John MAGUFULI, un président anti-système au cœur du système.(Par Ansou Sambou)

Membre du premier parti de Tanzanie, il dirige tour à tour différents ministères: l’Élevage et la Pêche, les Terres, le Logement et les Travaux publics entre 2010 et 2015 avec à chaque fois une remarquable détermination dans sa gestion et son leadership. Il sera surnommé « Titingana » en swahili qui signifie « Bulldozer », pour son engagement dans la construction de nouvelles routes.

À 56 ans, il est désigné candidat à la présidentielle à la suite de primaires où 38 candidats avaient été en compétition.
Le 29 octobre 2015, ce professeur de chimie titulaire d’un Doctorat à l’Université de d’ar esalam, est élu cinquième président de la République.

Il est élu sur un programme de « reconquête de la SOUVERAINETÉ ÉCONOMIQUE face aux institutions financières internationales », écrit l’universitaire et politologue Rwekaza Mukandala.

Dès son investiture, John Magufuli s’engage dans un vaste plan de réduction des dépenses publiques:
Il réduit de 100 000 à 7 000 dollars (92 000 euros à 6 460 euros) les frais de la cérémonie d’inauguration du nouveau Parlement. Il réduit le budget des événements et des déplacements officiels en limitant le nombre de membres composant les délégations, en supprimant les voyages des ministres en première classe, ou encore la suppression des indemnités de séance plénières des députés et l’annulation de la fête nationale.

Par exemplarité, il réduit aussi son salaire de 15 000 à 4 000 dollars par mois, devenant de ce fait l’un des chefs d’État africains qui ont le salaire le moins élevé.
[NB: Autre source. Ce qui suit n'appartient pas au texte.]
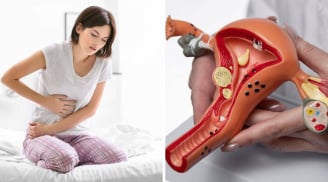 Dấu hiểu cảnh báo K cổ tử cung sớm: Phụ Nữ u 40 đang khoẻ mạnh cũng chớ xem thường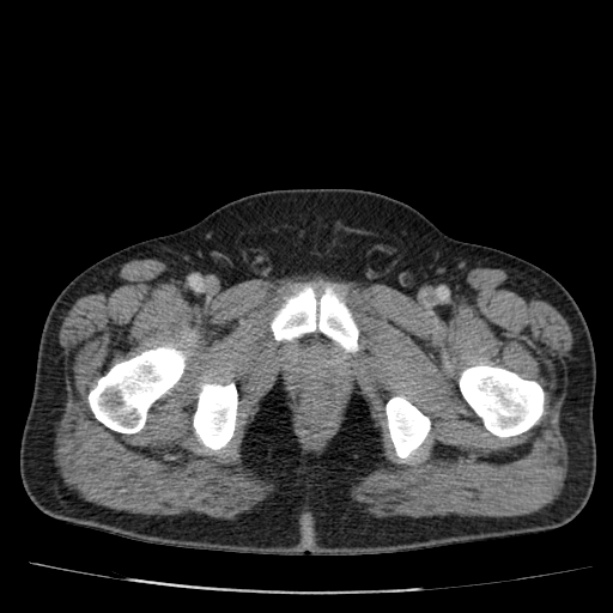 Acute pancreatitis (Radiopaedia 26663-26813 Axial C+ portal venous phase 89).jpg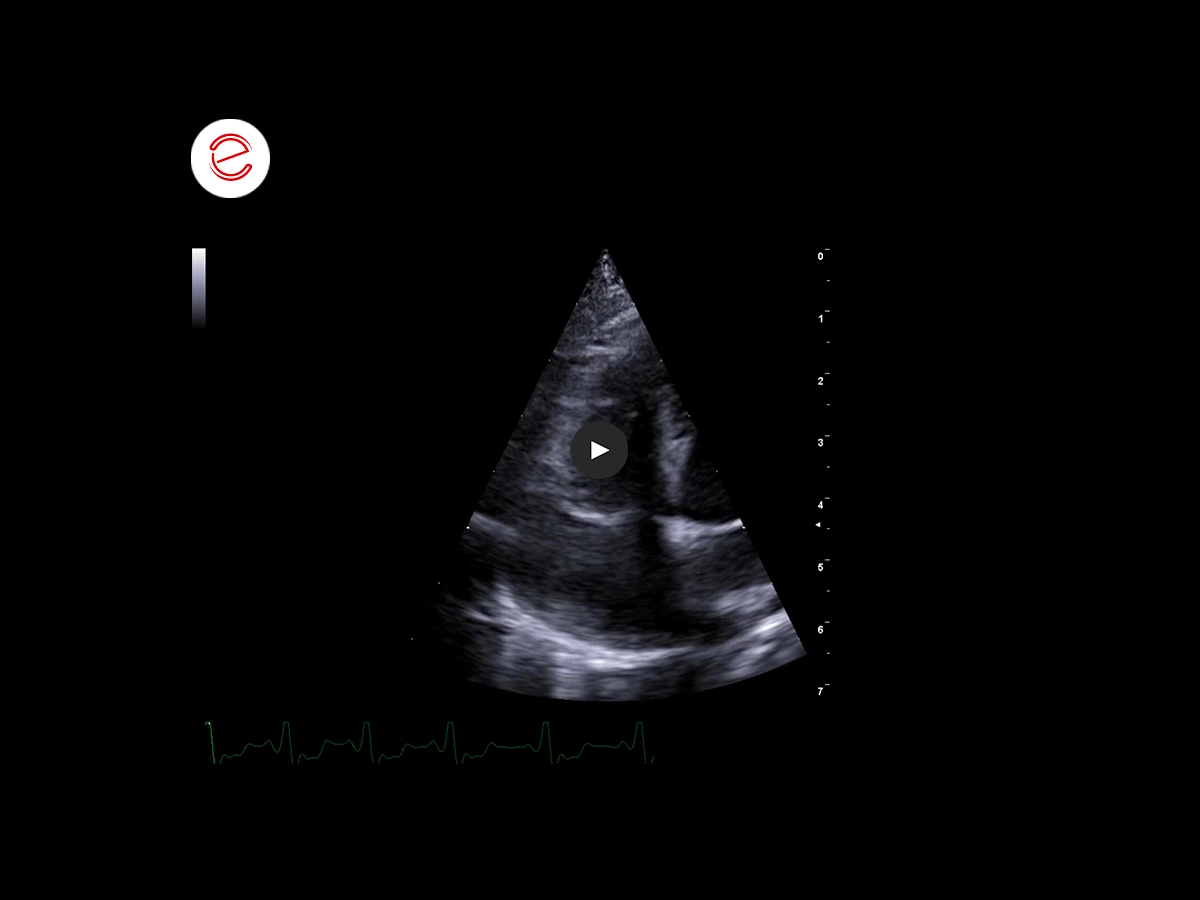 Right atrial Hemangiosarcoma 3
Son mandat se caractérise par une guerre contre la corruption. Ainsi, des fonds importants qui s’évaporaient auparavant grâce à la fraude fiscale sont désormais investis dans l’éducation et la lutte contre la pauvreté.
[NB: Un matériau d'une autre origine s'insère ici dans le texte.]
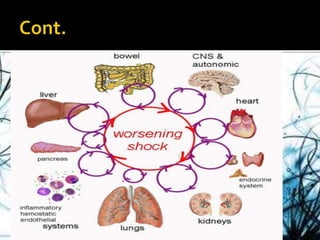 Shock its pathopysiology and management | PPTX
Pour faire le ménage dans la fonction publique, le président a licencié vendredi 28 avril 2017 près de 10 000 fonctionnaires après un rapport gouvernemental révélant que leurs diplômes et leurs qualifications étaient des faux. Il leur a été demandé de démissionner immédiatement sous peine d’être poursuivis.

La pays a amendé les lois régissant l’attribution des contrats d’exploitation minière, se donnant le droit de les renégocier ou de les rompre en cas de fraude avérée. La nouvelle législation supprime par ailleurs le droit des sociétés minières à recourir à un arbitrage international. Le contentieux fiscal avec l’Acacia Mining, accusée d’avoir sensiblement sous-évalué durant des années sa production d’or, s’est finalement soldé par un accord : la Tanzanie obtient 16 % des parts dans les mines détenues par ladite multinationale.
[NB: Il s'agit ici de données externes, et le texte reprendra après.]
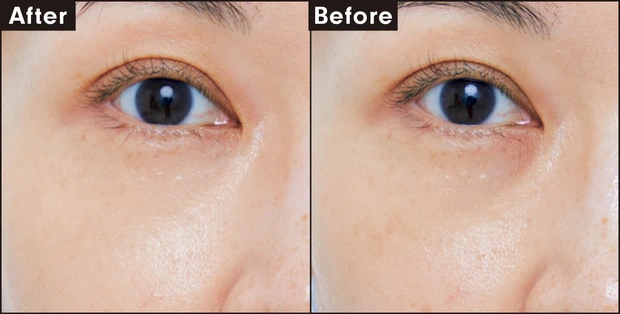 ゲラン テラコッタ コンシーラー 1N カバー力を検証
Porté par l’une des plus fortes croissances économique du continent (5,8 % en 2018 et 6 % estimés pour 2019 selon le FMI), la Tanzanie s’engage dans un vaste programme de développement des infrastructures, en particulier ferroviaires. Le petit port de pêche de Bagamoyo, auquel 10 milliards de dollars d’investissement ont été attribués, devrait devenir le plus grand port d’Afrique en 2030. La Tanzanie tend à se rapprocher de la Chine, qui promet de soutenir des projets économiques, ce qui déplaît aux États-Unis.
Cet homme, après avoir été membre d’un parti classique, a su imprimer son empreinte dans le système avant de le démolir et l’anéantir ou encore l’assainir de l’intérieur. Comme pour dire une autre bonne façon de renverser le système, c’est d’en faire partie.

Ansou SAMBOU, panafricain convaincu et militant politique.